(Balti)more Artyping & ASCII
Our collection of Julius Nelson’s Typewriter Mystery Games series continues to grow. Newly added: an order-sheet direct from 3200 Southgreen Road, Baltimore. The 8.5” x 11” single-sided, once-folded page was bundled in an auction with a couple of booklets and the above typed owl specimen. The order sheet lists a total of five books, so the gold cover (below) and a brown cover (yet to be scanned) must have come after. Not sure how many total were made, but the sampler is from 1982—the latest I’ve found. Booklets from that auction also all contain a front-page stamp, “Property of Instructional Department. Middle East College”.

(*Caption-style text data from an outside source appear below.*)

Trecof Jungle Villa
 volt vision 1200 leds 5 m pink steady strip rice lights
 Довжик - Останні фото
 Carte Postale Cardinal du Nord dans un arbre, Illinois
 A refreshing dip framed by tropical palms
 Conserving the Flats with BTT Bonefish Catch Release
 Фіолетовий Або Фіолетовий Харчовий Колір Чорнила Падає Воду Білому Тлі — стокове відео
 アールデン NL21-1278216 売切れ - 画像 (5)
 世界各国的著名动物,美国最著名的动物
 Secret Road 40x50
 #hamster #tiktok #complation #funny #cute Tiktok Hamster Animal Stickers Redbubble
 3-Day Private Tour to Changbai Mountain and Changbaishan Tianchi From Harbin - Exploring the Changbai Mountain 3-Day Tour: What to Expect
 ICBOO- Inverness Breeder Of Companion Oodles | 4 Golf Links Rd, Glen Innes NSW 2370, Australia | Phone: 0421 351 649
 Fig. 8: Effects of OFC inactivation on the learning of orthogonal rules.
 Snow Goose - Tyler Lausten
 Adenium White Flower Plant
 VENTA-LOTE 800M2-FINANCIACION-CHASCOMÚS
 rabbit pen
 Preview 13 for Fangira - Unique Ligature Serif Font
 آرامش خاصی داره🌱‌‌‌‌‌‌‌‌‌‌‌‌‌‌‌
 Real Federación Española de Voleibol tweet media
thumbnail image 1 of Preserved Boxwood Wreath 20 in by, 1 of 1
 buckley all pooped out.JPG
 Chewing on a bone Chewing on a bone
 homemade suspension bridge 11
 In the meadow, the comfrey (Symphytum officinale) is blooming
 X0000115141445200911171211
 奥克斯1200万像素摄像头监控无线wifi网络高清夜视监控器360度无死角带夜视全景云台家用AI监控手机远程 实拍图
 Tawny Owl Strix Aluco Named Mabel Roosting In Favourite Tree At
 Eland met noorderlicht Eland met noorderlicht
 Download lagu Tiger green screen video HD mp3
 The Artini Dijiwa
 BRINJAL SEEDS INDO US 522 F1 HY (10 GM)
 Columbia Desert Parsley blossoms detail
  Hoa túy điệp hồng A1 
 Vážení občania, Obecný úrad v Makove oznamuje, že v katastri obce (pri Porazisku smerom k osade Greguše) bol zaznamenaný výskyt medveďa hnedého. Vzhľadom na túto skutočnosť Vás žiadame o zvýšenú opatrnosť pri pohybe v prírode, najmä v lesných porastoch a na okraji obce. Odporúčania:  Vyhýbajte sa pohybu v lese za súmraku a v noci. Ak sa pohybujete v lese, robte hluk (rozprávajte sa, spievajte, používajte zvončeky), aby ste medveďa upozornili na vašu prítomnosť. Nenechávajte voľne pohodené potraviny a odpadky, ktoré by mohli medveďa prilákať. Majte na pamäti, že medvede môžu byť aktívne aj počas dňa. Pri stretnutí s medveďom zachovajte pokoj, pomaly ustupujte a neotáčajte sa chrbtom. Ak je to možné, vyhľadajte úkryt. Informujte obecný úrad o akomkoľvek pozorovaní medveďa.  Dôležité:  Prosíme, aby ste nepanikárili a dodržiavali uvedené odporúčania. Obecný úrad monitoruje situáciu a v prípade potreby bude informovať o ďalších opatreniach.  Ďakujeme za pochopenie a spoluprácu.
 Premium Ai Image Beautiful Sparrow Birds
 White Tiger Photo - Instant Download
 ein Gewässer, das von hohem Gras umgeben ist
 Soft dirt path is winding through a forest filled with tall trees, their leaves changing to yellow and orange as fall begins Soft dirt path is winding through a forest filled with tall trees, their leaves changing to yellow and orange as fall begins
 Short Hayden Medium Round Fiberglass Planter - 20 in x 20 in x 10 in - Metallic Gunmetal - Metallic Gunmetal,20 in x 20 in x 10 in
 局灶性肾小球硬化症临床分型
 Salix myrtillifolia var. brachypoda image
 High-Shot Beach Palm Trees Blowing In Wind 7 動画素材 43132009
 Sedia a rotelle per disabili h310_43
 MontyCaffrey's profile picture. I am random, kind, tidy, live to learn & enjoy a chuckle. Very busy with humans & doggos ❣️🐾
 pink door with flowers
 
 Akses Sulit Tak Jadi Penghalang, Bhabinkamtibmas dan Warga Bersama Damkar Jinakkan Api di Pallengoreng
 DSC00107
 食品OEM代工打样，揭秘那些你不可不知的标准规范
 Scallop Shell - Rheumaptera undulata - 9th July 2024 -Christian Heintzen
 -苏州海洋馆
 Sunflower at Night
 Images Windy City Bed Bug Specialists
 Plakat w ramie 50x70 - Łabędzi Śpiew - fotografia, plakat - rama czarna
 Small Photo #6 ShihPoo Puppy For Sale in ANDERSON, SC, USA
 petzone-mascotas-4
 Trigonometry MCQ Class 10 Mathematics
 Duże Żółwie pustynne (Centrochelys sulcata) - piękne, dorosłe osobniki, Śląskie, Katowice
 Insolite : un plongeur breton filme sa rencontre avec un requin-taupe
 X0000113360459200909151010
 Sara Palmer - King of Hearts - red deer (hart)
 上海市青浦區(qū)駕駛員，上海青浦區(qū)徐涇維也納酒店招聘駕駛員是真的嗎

During the 1950s, Middle East College—now Middle East University—was a Seventh-day Adventist education hub in the Sabtieh foothills above Beirut, Lebanon. It functioned as the premier training ground for Adventist church workers across the Middle East and North Africa. (Google summary, Encyclopedia of Seventh-Day Adventists). The prior owner of the books had picked them up from a fundraiser sale at a Seventh Day Adventist church in College Place, WA. Normally, I’d think I don’t have much in common with the Adventists, being that I frequently work on Saturdays and don’t tend to wait around for things—but it’s nice to know at least some of them got into artyping.
I was wondering how these booklets got into their program, and it turns out the Adventist educational system is managed by a group out of Silver Spring, Maryland—about an hour north of Nelson’s Artyping HQ.
I was poking around to see if Nelson had any connection to the church—didn’t find one—and accidentally came across this great ad from Federal Hill Software. It appears in The Rainbow Magazine (Radio Shack Color Computer) (December 1983), and is the only direct reference I’ve seen between an ASCII art project and Artyping, in name. The company was based in, you guessed it, Baltimore—at 825 William St. That’s about 30 min drive from Nelson by today’s roads.